%%

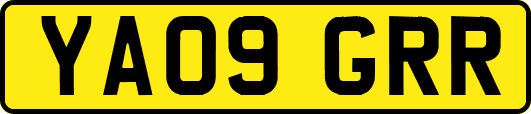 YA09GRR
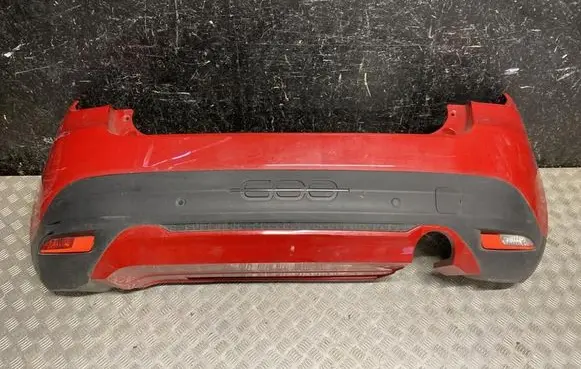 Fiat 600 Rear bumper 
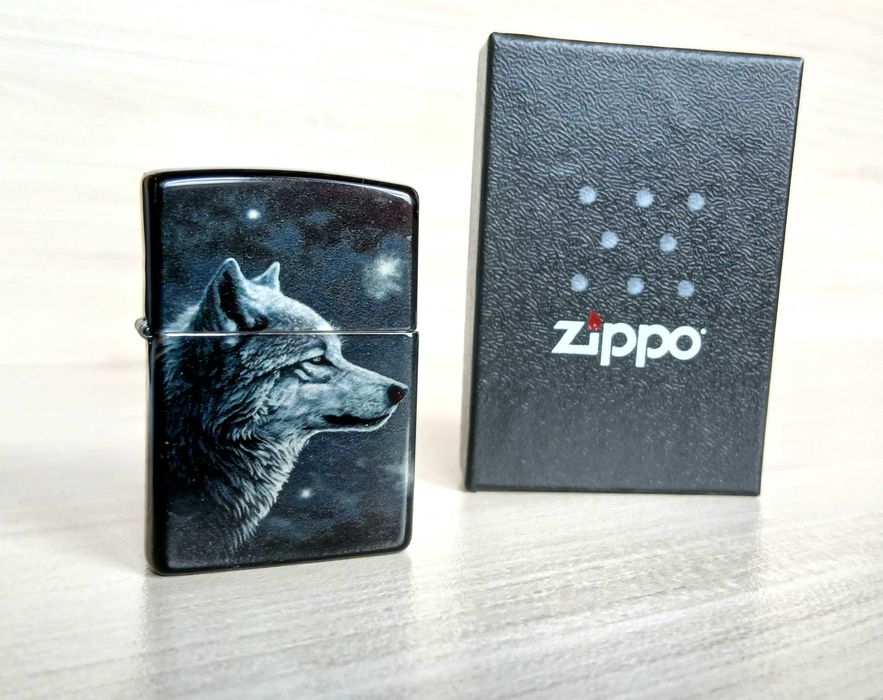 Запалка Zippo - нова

%%
%%

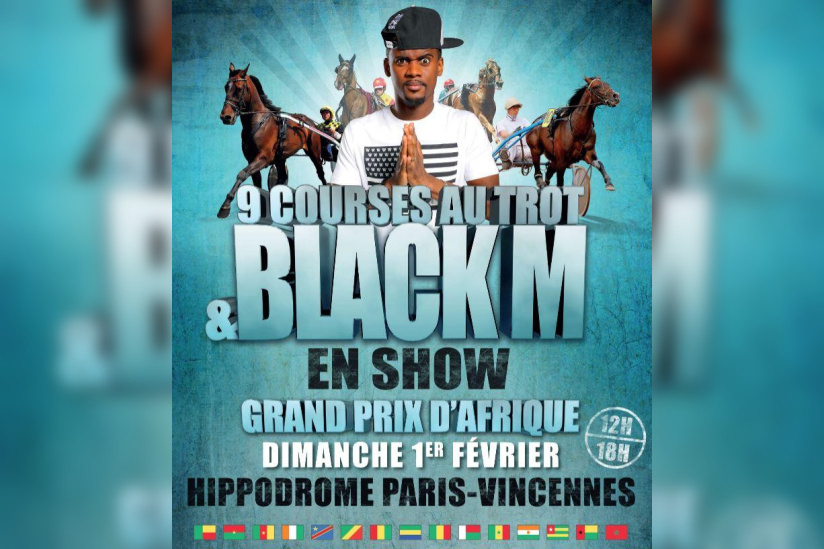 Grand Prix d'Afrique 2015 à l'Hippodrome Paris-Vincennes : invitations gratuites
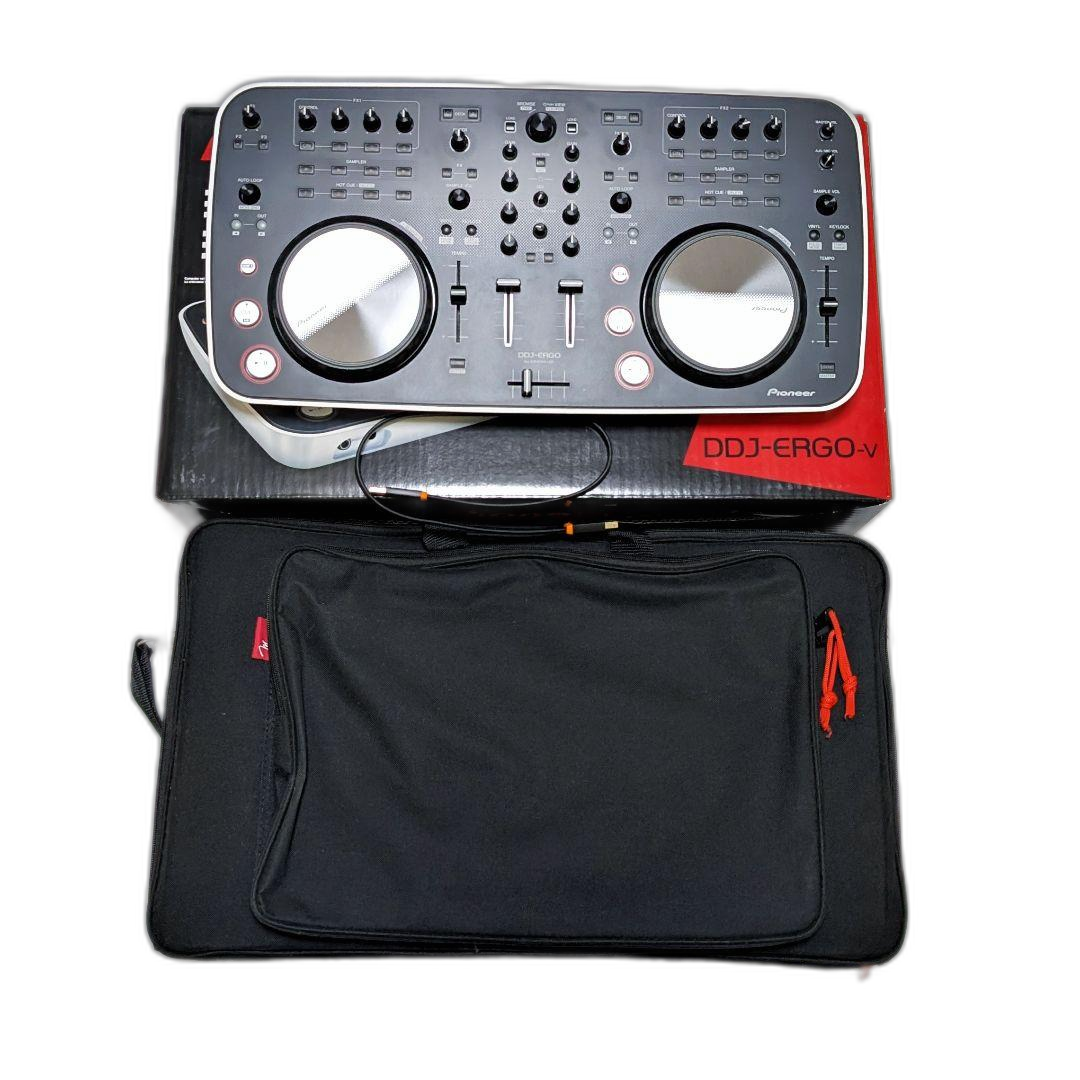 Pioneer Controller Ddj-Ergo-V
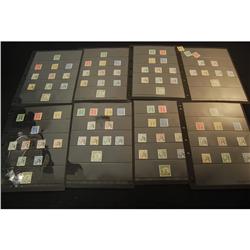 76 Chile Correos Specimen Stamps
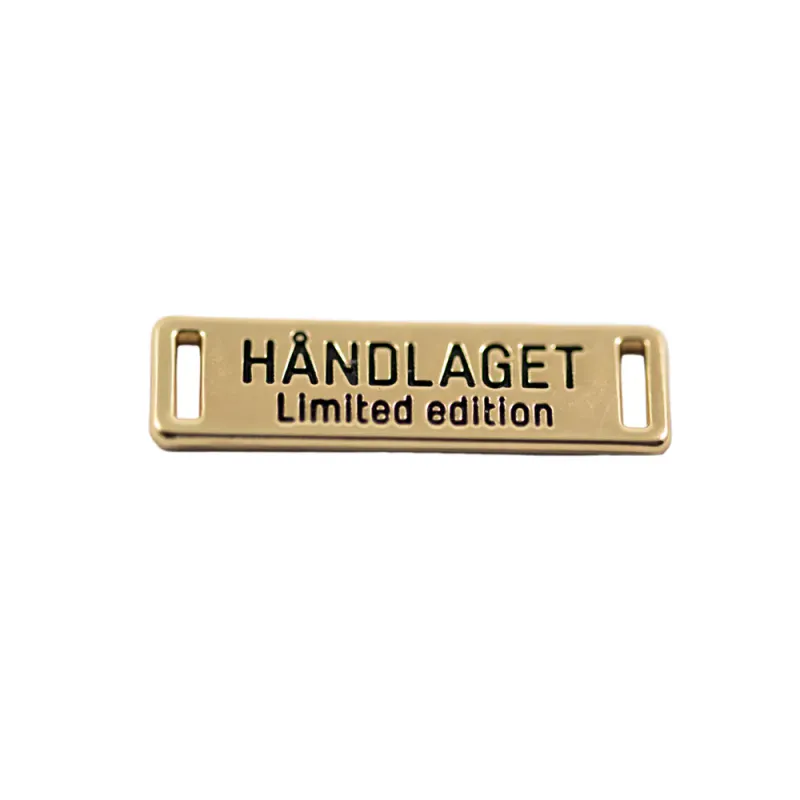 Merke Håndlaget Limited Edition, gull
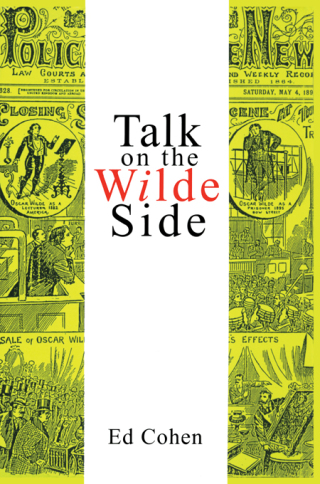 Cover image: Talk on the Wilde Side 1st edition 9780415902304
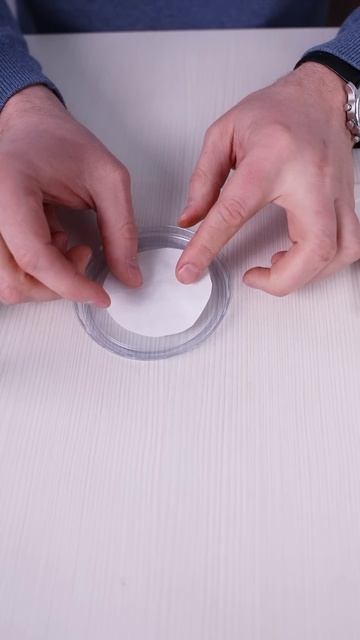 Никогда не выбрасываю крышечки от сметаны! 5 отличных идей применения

%%

Work request:
What is needed is an exact copy of the lines above, from the one holding "Pioneer Controller Ddj-Ergo-V" down to the one holding "Никогда не выбрасываю", with those two included and the pictures left out.

Answer for the task:
 Pioneer Controller Ddj-Ergo-V
 76 Chile Correos Specimen Stamps
 Merke Håndlaget Limited Edition, gull
 Cover image: Talk on the Wilde Side 1st edition 9780415902304
 Никогда не выбрасываю крышечки от сметаны! 5 отличных идей применения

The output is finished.